I have set a mapping, I report here the snippet related to the field of interest:
"updated_at": { "type": "date", "format": "dateOptionalTime" }
My script grabs each document from the MongoDB using pymongo and tries indexing it into Elasticsearch as
from elasticsearch import Elasticsearch
from pymongo import MongoClient
mongo_client = MongoClient('localhost', 27017)
es_client = Elasticsearch(hosts=[{"host": "localhost", "port": 9200}])

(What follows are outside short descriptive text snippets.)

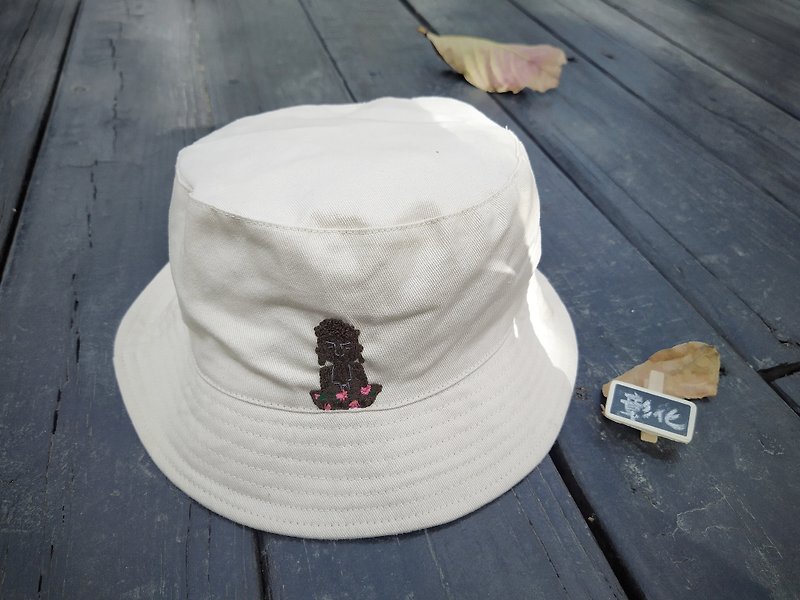 Changhua limited edition Big Buddha fisherman hat with blooming heart and flowers - หมวก - งานปัก ขาว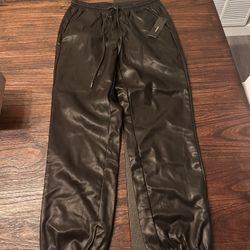 Women’s Faux Leather Joggers XS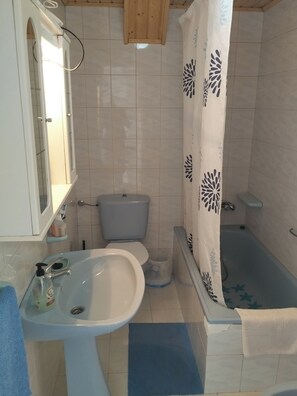 Badkar/dusch, djupt badkar, hårtork och handdukar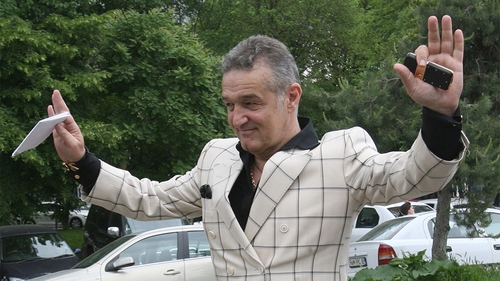 Peste doua ore incepe meciul de fotbal dintre Steaua si Dinamo! ASA s-a pregatit Gigi Becali pentru marea confruntare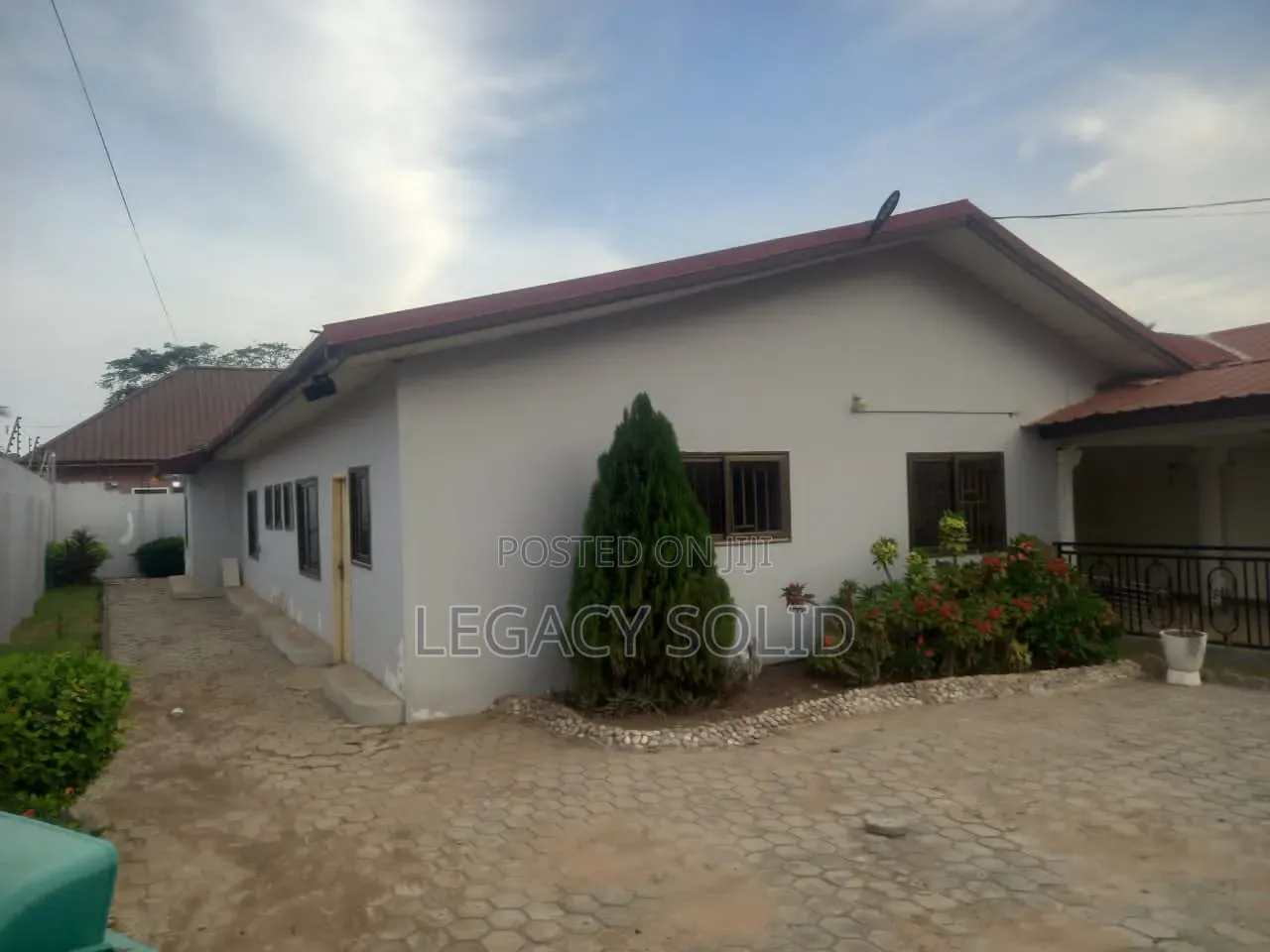 4bdrm House in Legacy Solid Real for rent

db = mongo_client['my_db']
collection = db['my_collection']
for doc in collection.find():
es_client.index(
index='index_name',
doc_type='my_type',
id=str(doc['_id']),
body=json.dumps(doc, default=json_util.default)
)
The problem I have in running it is:
elasticsearch.exceptions.RequestError: TransportError(400, u'MapperParsingException[failed to parse [updated_at]]; nested: ElasticsearchIllegalArgumentException[unknown property [$date]]; ')
I believe the source of the problem is in the fact that pymongo serializes the field updated_at as a datetime.datetime object, as I can see if I print the doc in the for loop:
u'updated_at': datetime.datetime(2014, 8, 31, 17, 18, 13, 17000)
This conflicts with Elasticsearch looking for an object of type date as specified in the mapping.
Any ideas how to solve this?
I guess your problem is that you're using
body=json.dumps(doc, default=json_util.default)
but you should be using
body=doc
Doing that works for me, since it seems elasticsearch is caring for the aliasing of the dictionarly into a JSON document (of course, assuming doc is a dictionary, which I guess it is).
At least in the version of elasticsearch I'm using (2.x), datetime.datetime is correctly aliased, with no need of a mapping. For example, this works for me:
doc = {"updated_on": datetime.now(timezone.utc)}
res = es.index(index=es_index, doc_type='my_type',
id=1, body=doc)
And is recognized by Kibana as a date.